#### Work item
Every line below from the one containing "2010 Toyota Tacoma" through the one containing "For Sale Luxury" must be transcribed exactly. Omit all lines outside that stretch.

#### Records for processing
-=-=-=-=-

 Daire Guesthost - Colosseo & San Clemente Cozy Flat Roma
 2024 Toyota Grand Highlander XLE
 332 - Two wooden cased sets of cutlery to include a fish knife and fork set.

-=-=-=-=-

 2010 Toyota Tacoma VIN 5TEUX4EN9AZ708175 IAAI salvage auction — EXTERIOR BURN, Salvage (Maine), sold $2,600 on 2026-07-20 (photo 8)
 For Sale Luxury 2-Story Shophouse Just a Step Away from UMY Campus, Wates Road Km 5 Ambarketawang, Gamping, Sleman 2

-=-=-=-=-

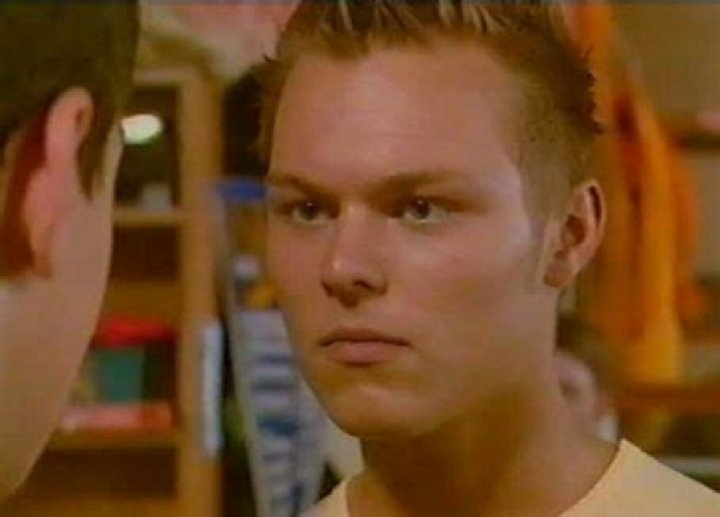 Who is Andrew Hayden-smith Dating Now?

-=-=-=-=-

#### Expected answer
 2010 Toyota Tacoma VIN 5TEUX4EN9AZ708175 IAAI salvage auction — EXTERIOR BURN, Salvage (Maine), sold $2,600 on 2026-07-20 (photo 8)
 For Sale Luxury 2-Story Shophouse Just a Step Away from UMY Campus, Wates Road Km 5 Ambarketawang, Gamping, Sleman 2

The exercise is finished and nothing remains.